Corning, a major global supplier of fiber, earlier this week lowered its revenue expectations from the sale of fiber cabling to telecom service providers and enterprises.
It marked the company's third consecutive reduction in guidance for fiber revenues over the past few months. And this slowdown in fiber spending, which also includes fiber used in cable HFC (hybrid fiber coax) networks, is raising concerns about the implications for 5G.

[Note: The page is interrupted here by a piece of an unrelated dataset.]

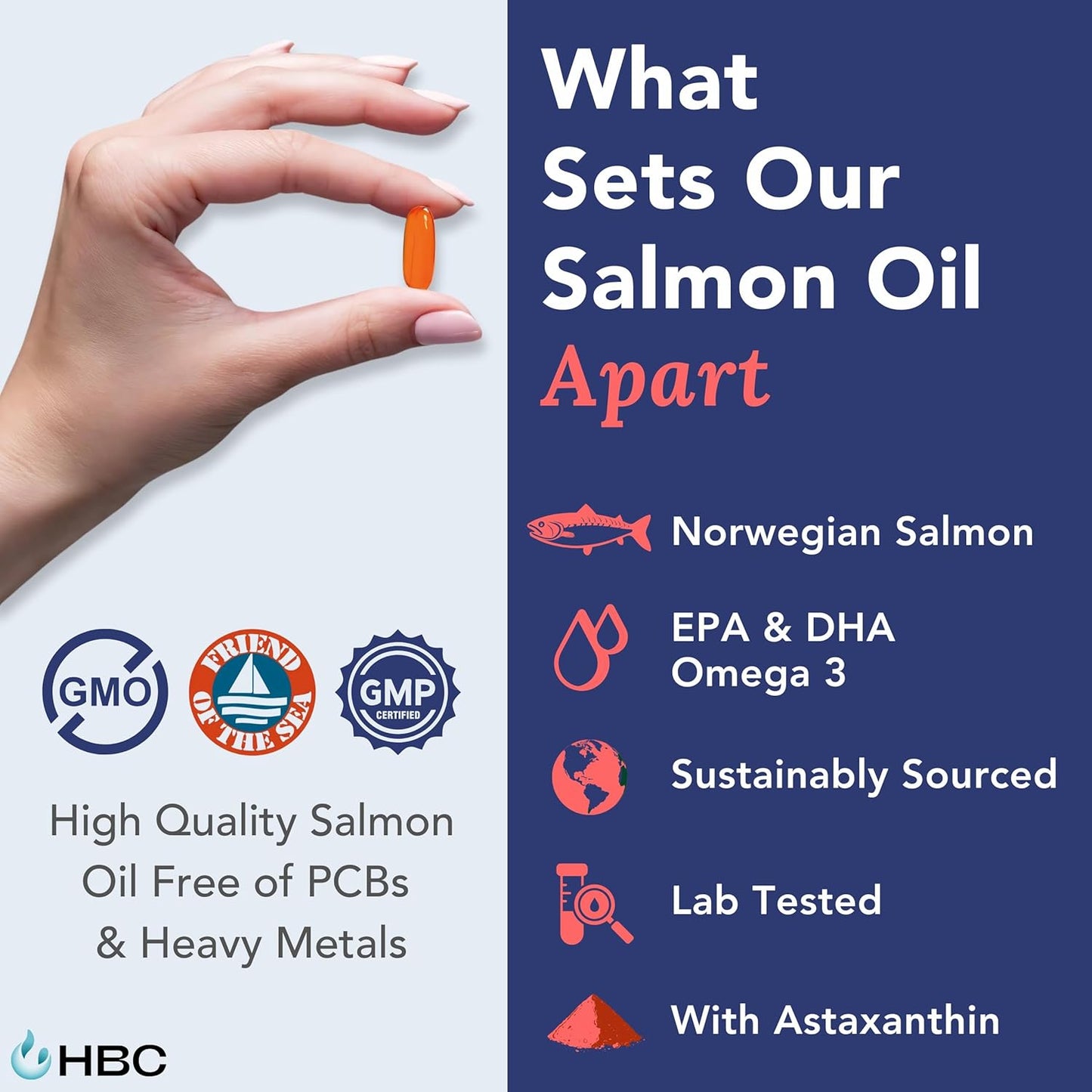 high-strength-norwegian-salmon-fish-oil-capsules---1000mg-omega-3-supplement-with-epa-dha-for-eye-brain-heart-health---no-aftertaste---180-triglyceride-form-softgels-3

Corning now forecasts sales in its "optical communications" fiber business will decline by 3% to 5% for full-year 2019, versus its prior expectation of "a low-to-mid-single digit percentage increase." The company added that it expects both carrier and enterprise network sales "to decline year-over-year in the second half of 2019." Last year, Corning's fiber business grew 13% organically year-over-year.
Why this matters
Fiber cabling is at the heart of just about every part of the nation's telecommunications network. Whether its for WiFi, 4G or DSL, most of the Internet traffic around the world eventually makes its way onto a fiber cable -- and Corning makes a substantial amount of those cables.

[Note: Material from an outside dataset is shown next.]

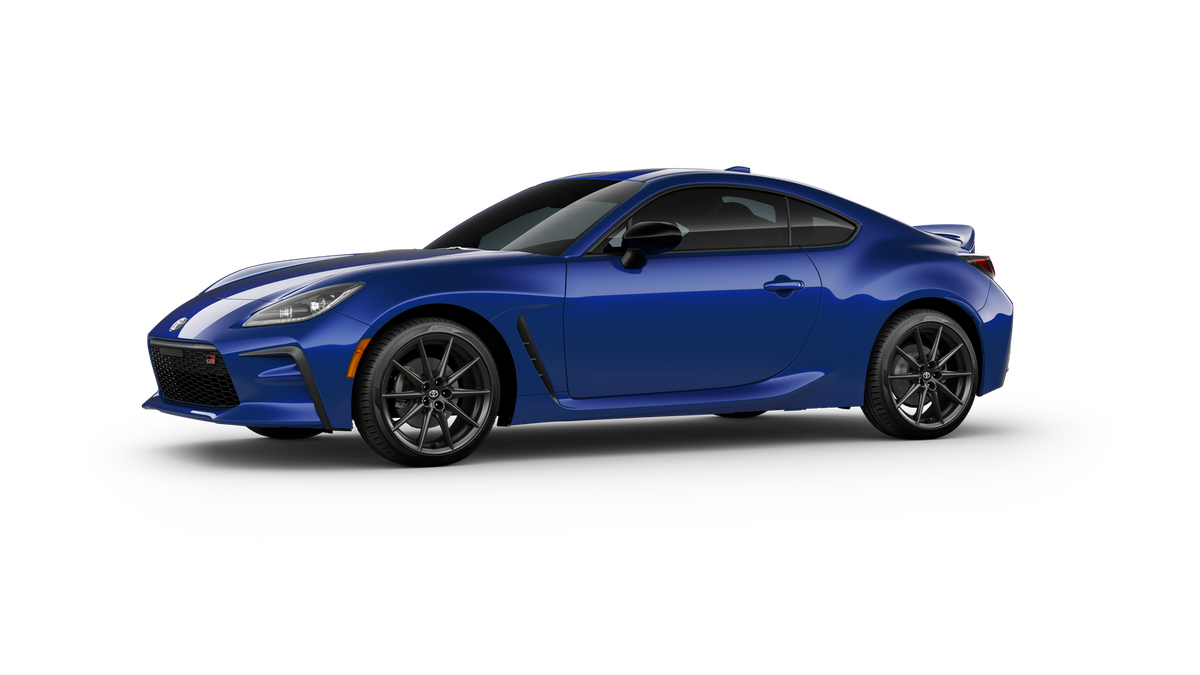 2026 Toyota GR86 Premium photo 3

Moreover, fiber is playing a starring role in the development of 5G globally. Although 5G connections are wireless, they're almost exclusively backhauled to a fiber network. As a result, operators such as Verizon and AT&T are deploying thousands of miles of new fiber cables to 5G base stations in order to handle all of the network traffic expected from 5G. Indeed, in 2017 Verizon announced it would buy 12.5 million miles of fiber per year through 2020 from Corning for a whopping $1 billion, largely for 5G.
So, if one of the world's biggest suppliers of fiber cable is suddenly seeing a dramatic slowdown in sales of fiber cabling to telecom operators, does that mean 5G operators are quietly pulling back from the market?
Not necessarily, at least according to a handful of Wall Street analysts.
Emerging markets viewed as big culprit for the slowdown
"While there's certainly weakness in areas of the market such as Cable MSOs and some larger customers such as AT&T, we'd be surprised if the overall telecoms market is deteriorating at the same pace that Corning's Optical business is declining. In the end, we suspect there's inventory around," analysts at research firm Jefferies wrote in a recent note to investors.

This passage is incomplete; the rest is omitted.